Countryside Workers carry out specific environmental and conservation tasks and they will also be clear about how practical conservation work interacts with the productive and recreational use of the countryside, and how these relate to countryside management practices. Countryside Workers will be able and willing to do challenging work outdoors, in a variety of locations, which may be remote, including moorland, heathland, woodland and coast, interact with the public and explain their work as well as undertaking their role all year round in a variety of weathers, both on their own and as part of a team.
The apprentice needs to have the attitude and ability to develop the required skills and knowledge during the apprenticeship. This will usually be tested via an application/interview process.
Apprentices without level 1 English and maths will need to achieve this level and apprentices without level 2 English and maths will need to take the tests for this level prior to taking the end-point assessment.
Employers will ultimately determine the entry requirements.
- Countryside Ranger
This apprenticeship programme will be delivered through a combination of practical hands-on and theory based activities which will be tailored to ensure the apprentice develops the necessary knowledge, skills and behaviours to become a professional Arboriculture worker and effective member of your organisation.
With all apprenticeships there is a requirement to record 20% off-the-job activities and this will be achieved through the use of a dedicated electronic on-line portfolio which the apprentice, you as the employer and the college delivery team will all have access to. The apprentice will be assigned a dedicated Assessor Trainer, who will undertake regular workplace progress reviews with both the apprentice and an assigned member of your team, as well as supporting all aspects of the apprentices ongoing development. This approach enables effective progress monitoring and target setting to be established from day 1, ensuring the employer and apprentice are clear about all aspects of the apprenticeship programme and what part they each play in ensuring the apprentice continues to make the expected levels of progress. Furthermore, this approach ensures any additional support requirements or interventions can be implemented in a timely manner as required.
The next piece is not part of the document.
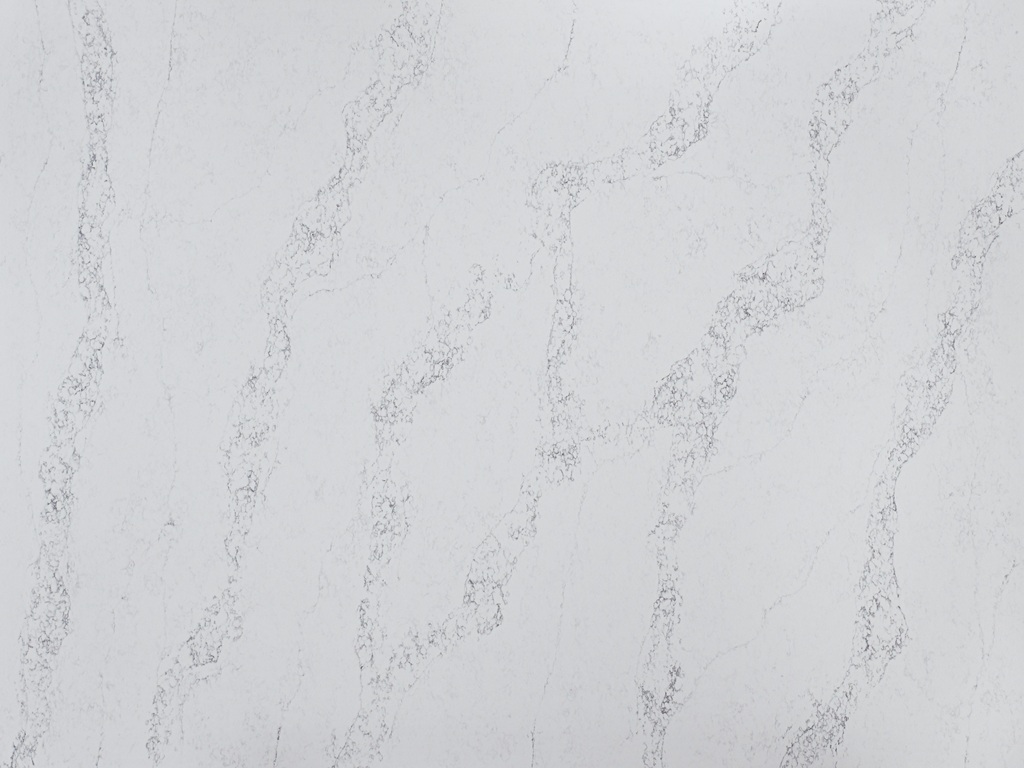 Marina Classic Quartz worktop slab video thumbnail showing colour and texture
A BCA Virtual Learning Environment ensures all learning, development and support material can be easily accessed, further supporting the blended learning and development approach adopted by BCA for all its apprenticeship delivery. This ensures flexible and responsive training at all times, through a combination of on-line and face-to-face activities delivered by industry experts, using our high quality, industry recognised resources and equipment.
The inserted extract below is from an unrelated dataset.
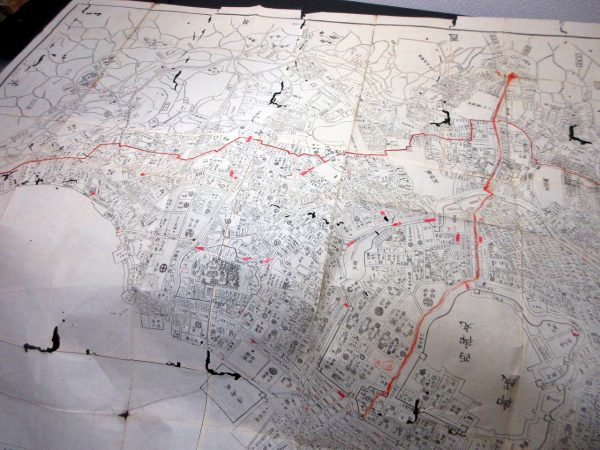 慶応改正御江戸大絵図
The apprentice will be required to undertake and pass an independent End Point Assessment upon successful completion of their apprenticeship, after which point they will be awarded their Apprenticeship Certificate.
- Manage habitats using a range of specialist techniques.
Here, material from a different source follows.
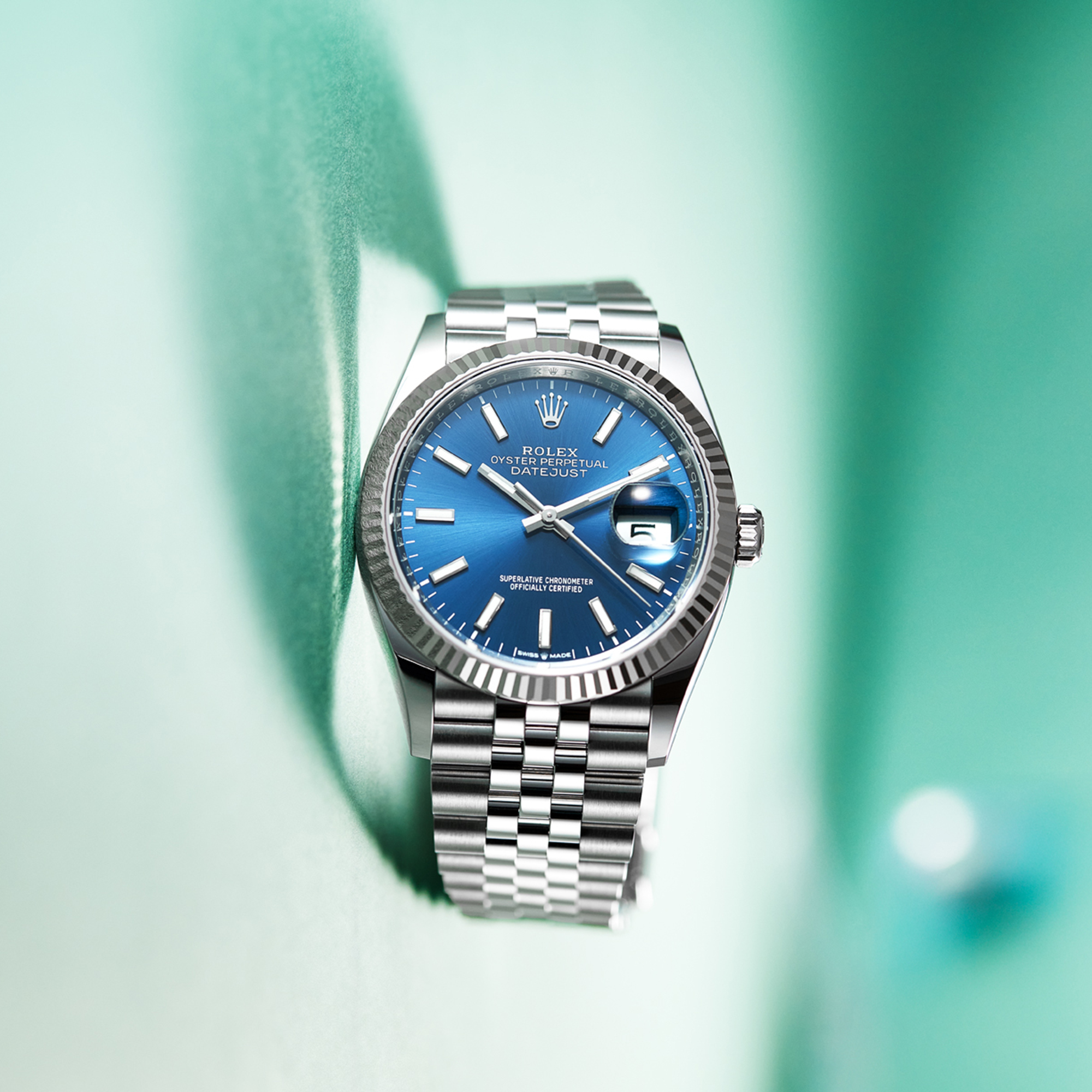 Datejust Steel Jubilee Blue Dial 36mm Product Image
- Construct or repair boundaries and access ways.
- Manage vegetation in a range of different situations, for example strimming pathways, using pesticides, managing trees and hedgerows, eradicating invasive species in order to conserve native flora and fauna.
- Construct and /or maintain site furniture for access and interpretation.
- Problem solving; be resourceful in finding solutions to problems that may arise in day to day work and know when to ask a supervisor for advice.
- Identify a range of British flora and fauna native to the specific local area e.g. commonly seen birds, mammals, insects, herbs, flowers, trees or fungi to determine the appropriate habitat management needed.
- Undertake surveys which feed into site management plans and work plans,
- Write a simple dynamic risk assessment and be able to use it on site.
- The knowledge aligns to a level 2 qualification in Environmental Conservation.